Richard Hudson’s handsome design perfectly evokes a last grasp at order in a world on the cusp of massive social, political and moral change. Hanging chandeliers, high cornices and draped maps give a sense of the enormity of space in which the characters must make their choices, yet becomes increasingly claustrophobic throughout. And we really feel every character’s personal struggle with flawless performances from all the cast. A growing generation divide is displayed well by Tamla Kari’s challenge of decorum in Leonard’s sister, Mabel. Barbara Flynn’s exceptional rendering of Marjorie Chater, an outspoken harbinger of tradition, stoically dealing with the loss of her son, Gerald, provides moments of much-needed humour. Gwilym Lee gives a superbly controlled performance as Leonard, moving from impassioned idealism to chillingly prescient scepticism, all the while haunted by his lover, Gerald Chater, who never returned from the front line.

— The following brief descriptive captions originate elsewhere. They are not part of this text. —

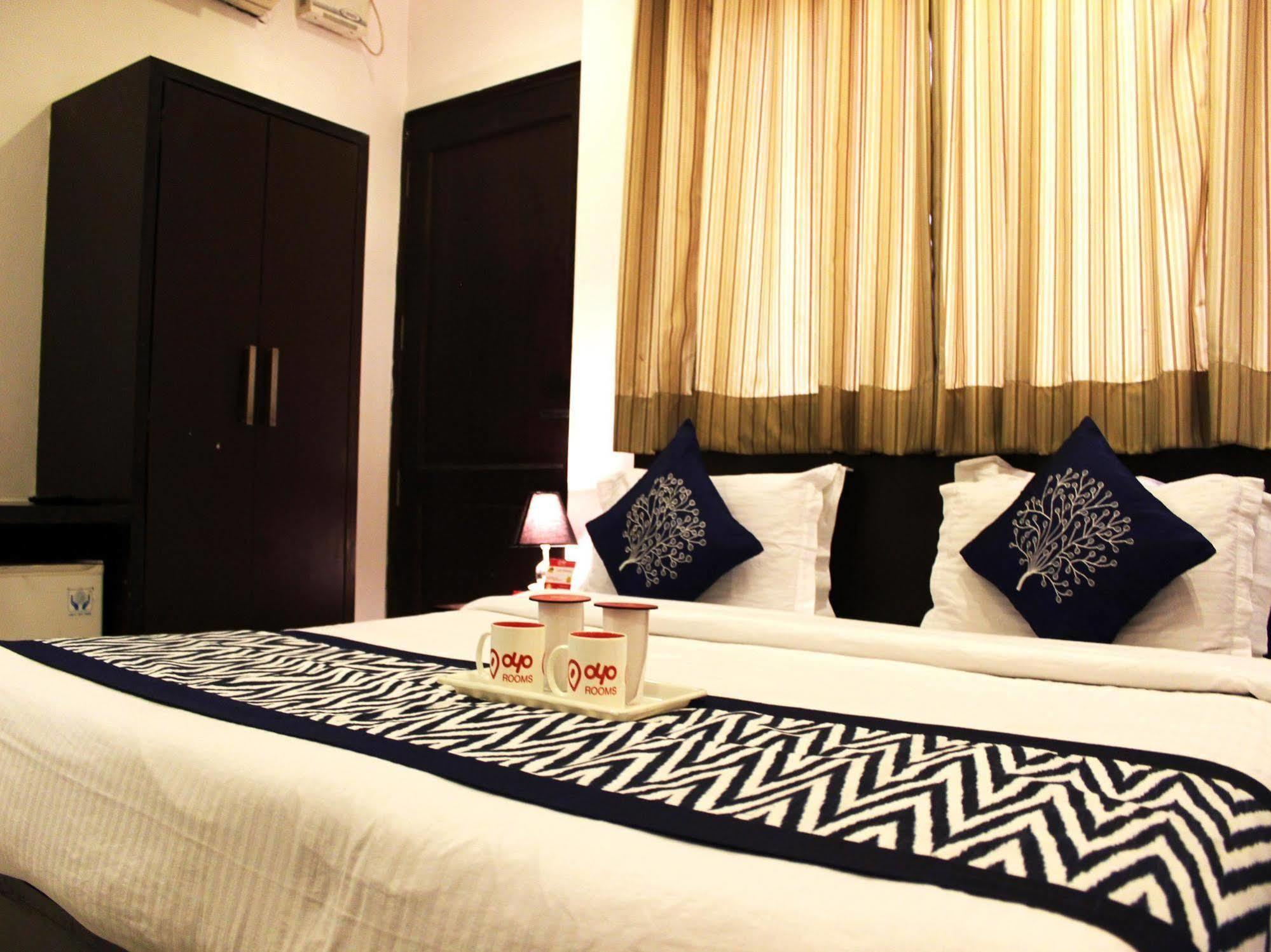 Hotel Siam International Delhi  Extérieur photo
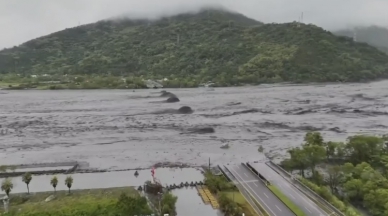 地球崩裂｜等不到救兵，馬太鞍溪橋不見了！花蓮縣政府：光復鄉成孤島，多處聯絡道路中斷無法到達，目前沒有任何替代道路！
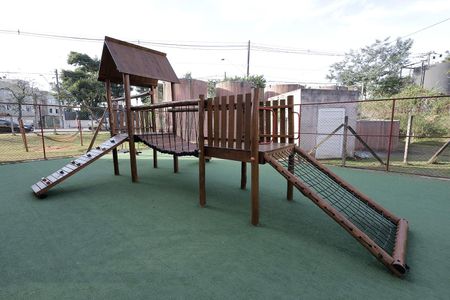 Apartamento à venda com 74m², 2 quartos e 1 vaga Apartamento à venda com 74m², 2 quartos e 1 vagaÁrea comum - Playground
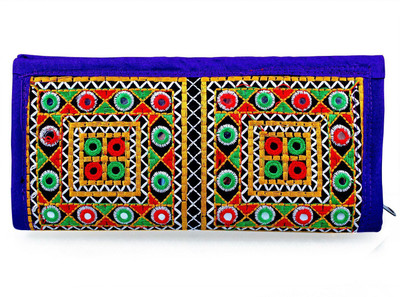 

Super Casual Multicolor Clutch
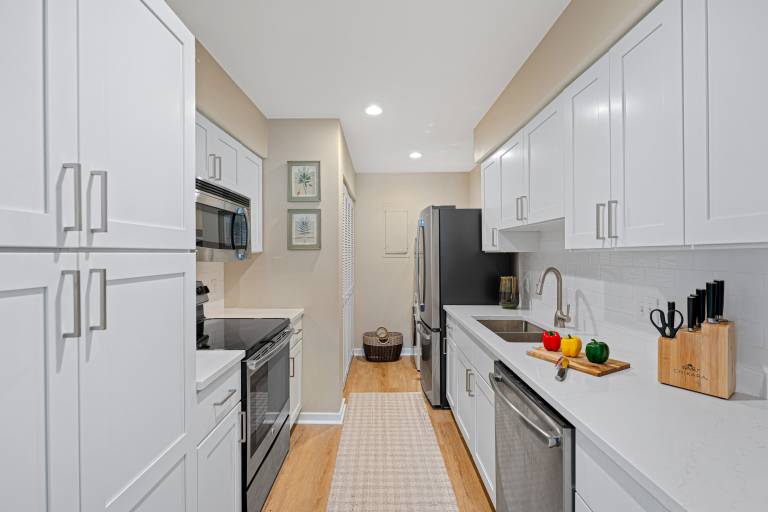 Fully equipped condo with pool | Dogs allowed — photo 4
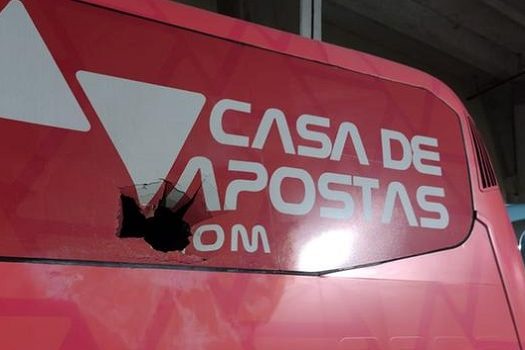 Ônibus do Bahia é atingido por bomba na Arena Fonte Nova; jogadores ficam feridos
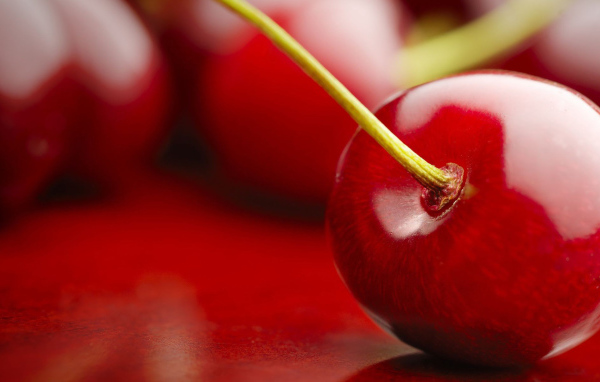 Красная черешня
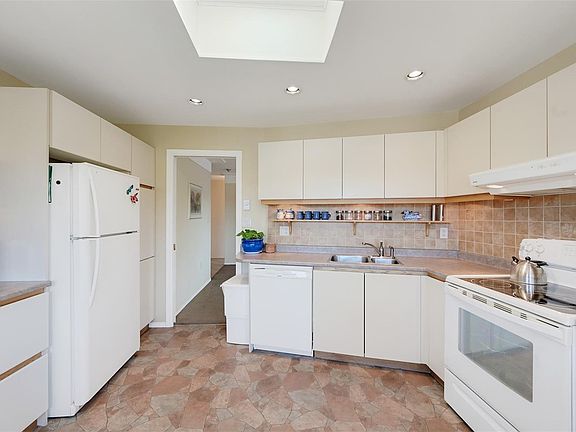 4th image of 945 McClure St #404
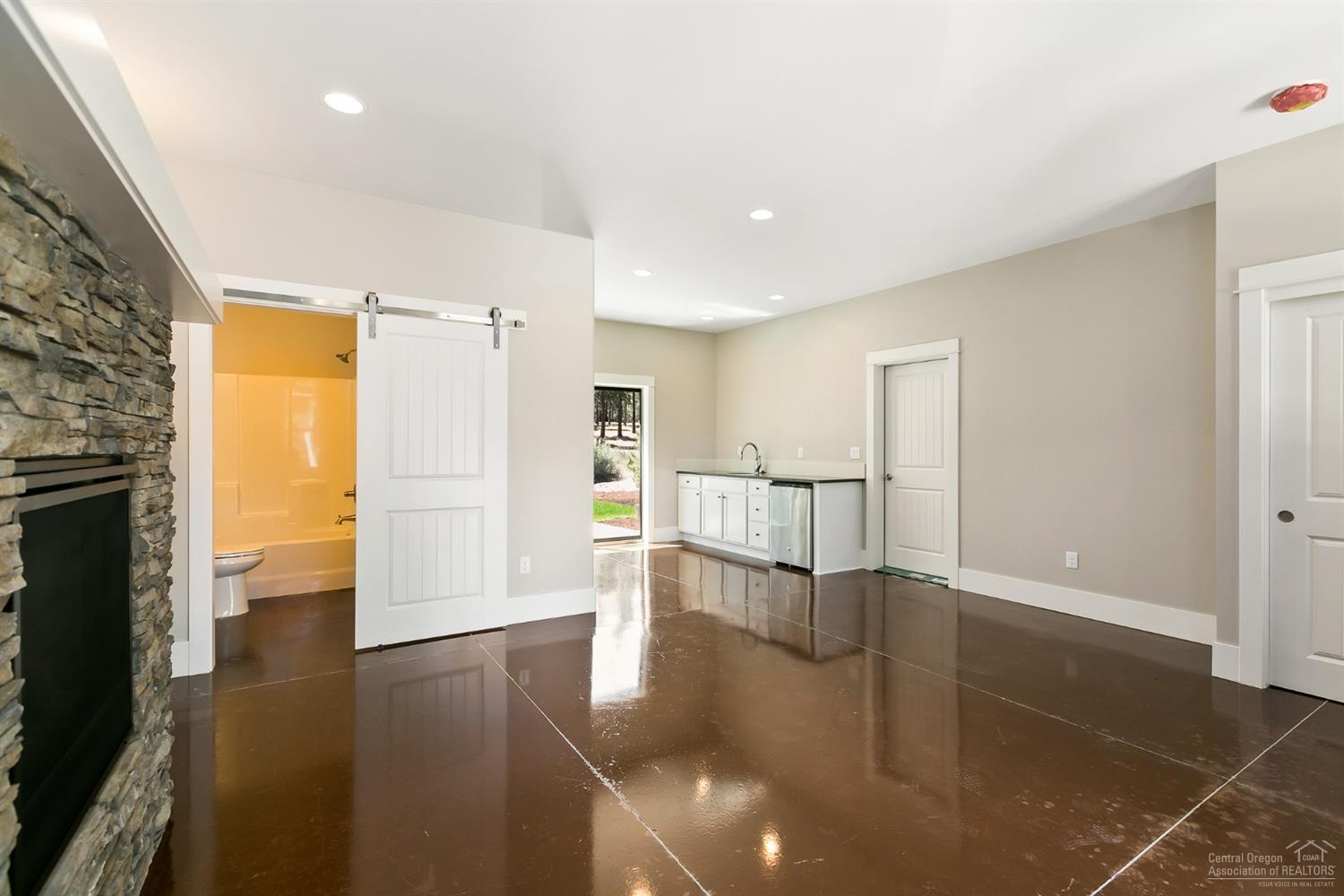 River Bend Estate - Residential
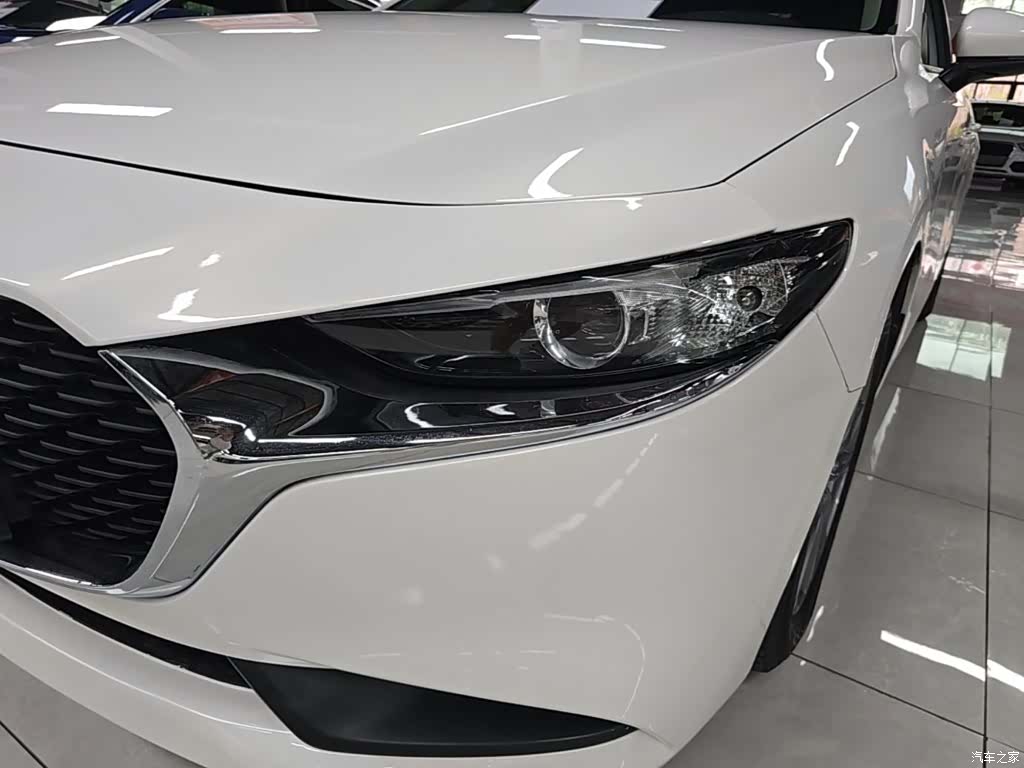 Mazda Mazda3, 2022 24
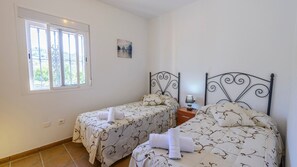 4 bedrooms, iron/ironing board, travel cot, WiFi - El Moral de Arenas by Ruralidays (Málaga)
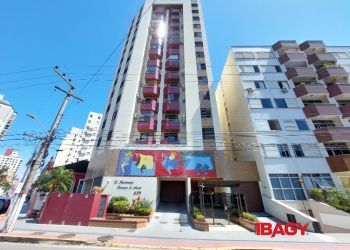 Apartamento no Bairro Centro em Florianópolis com 3 Dormitórios (1 suíte) e 119.64 m² - 116704
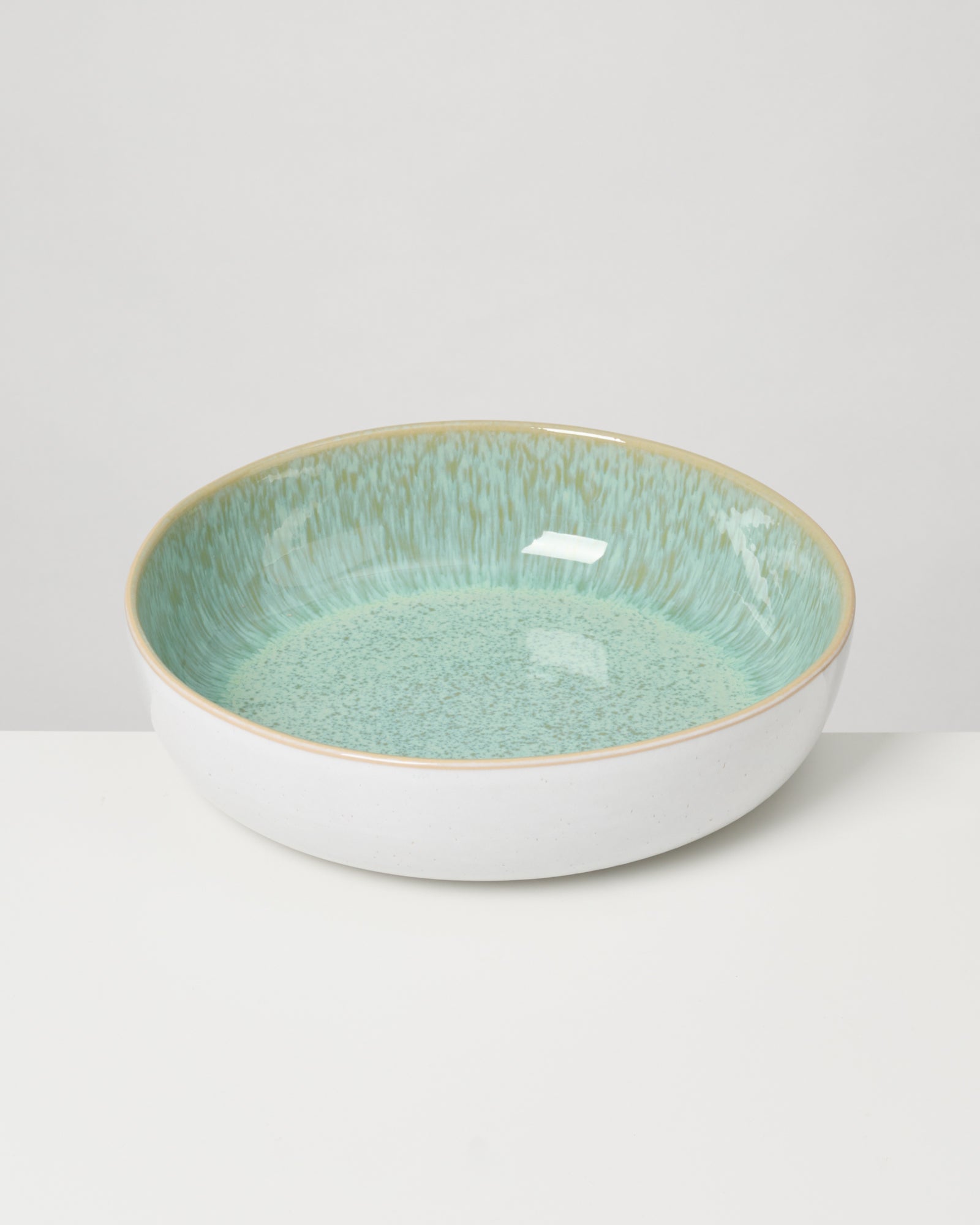 AREIA - SMALL SERVING BOWL MODERN MINT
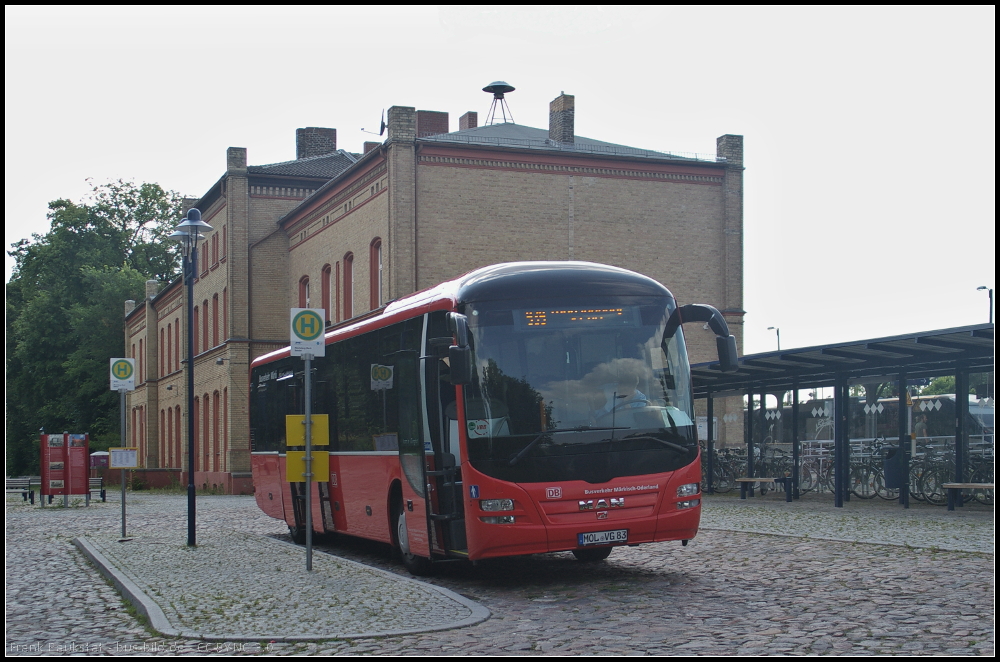 MAN Lion's Regio der Busverkehr Mrkisch Oberland (BMO), ein Unternehmen der Deutsche Bahn, am Bahnhof Mncheberg (Mark) auf der Linie 939 nach Mncheberg Stadt (09.07.2013). Im Hintergrund das nicht mehr genutzte Bahnhofsgebude.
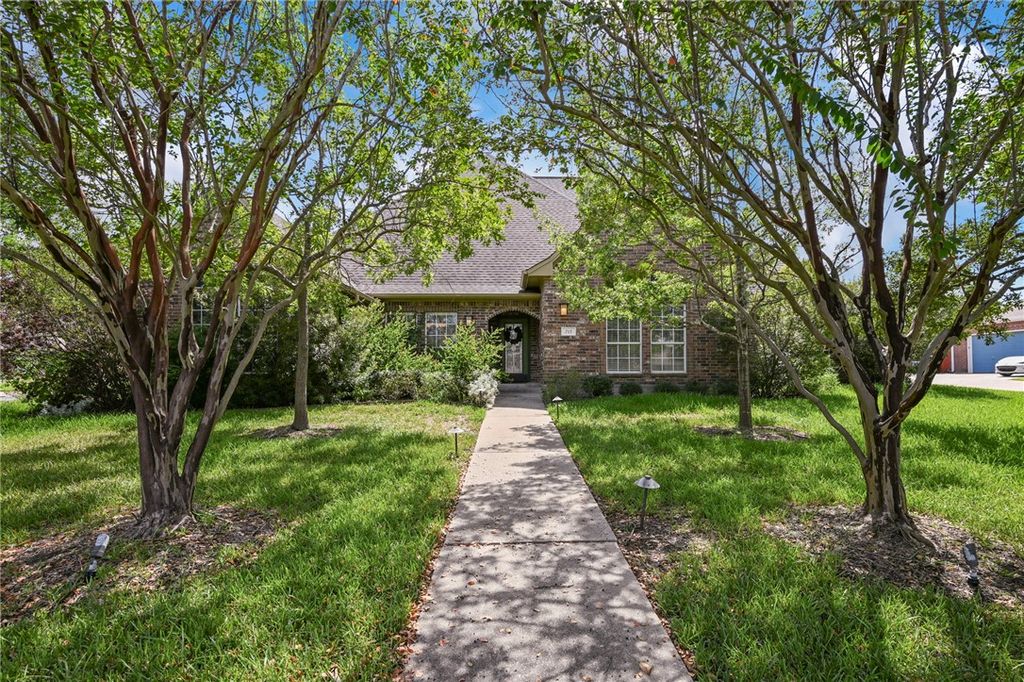 713 Willow Loop, College Station, TX 77845 — exterior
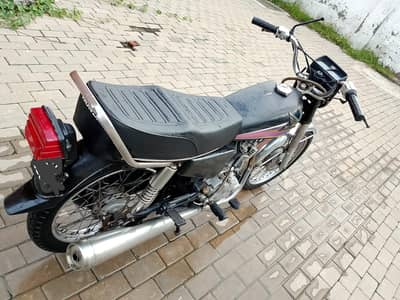 Honda CG 125 – Well Maintained, Lahore Registered, Biometric Available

As Gerald reminds us, ‘the war is being dispatched now by words’ and in addressing Germany’s treatment in Paris with such accurate and insistent detail, Versailles could easily have lapsed into a dogmatic history lecture. What emerges, however, is a nuanced and painful study of loss and repair where voices unheard and unspoken resonate just as powerfully as any fiery rhetoric. Gerald’s ghost seamlessly flows in and out of the action and Tom Hughes’ graceful movements and rhythmic delivery lend a poetic feel to his presence, aided by Paul Pyant’s ethereal lighting and sparse moments of music, as the Floradora sextet, heard from a distance, closes the second act.
This is a play of interruptions at crucial moments, of instability and time out of joint. It is a shame, therefore, that the only fault in this otherwise flawless production is its length. Even with its touch of light humour, its patterning of politic and private, at three hours running time, the production cannot escape from a sense of dilution rather than addition at certain moments. Some editing, particularly of the detailed discussions of the Saar Basin would have crystallised the emotion behind the atrocities of war. Josh O’Connor’s martyr-like concern for a shell-shocked compatriate as Hugh, and Christopher Godwin’s momentary surrender to grief as Marjorie’s husband, resonate far more than Leonard’s dissemination of statistics from the front line.
‘Catastrophe is difficult to process and history begins where we want’, Leonard claims at the close of the play. Gill’s writing powerfully demonstrates the difficulty of how nations and, more importantly, individuals remember, articulate and absorb such catastrophe, eschewing moralising for a production that never finds a settled conclusion and is genuinely moving throughout.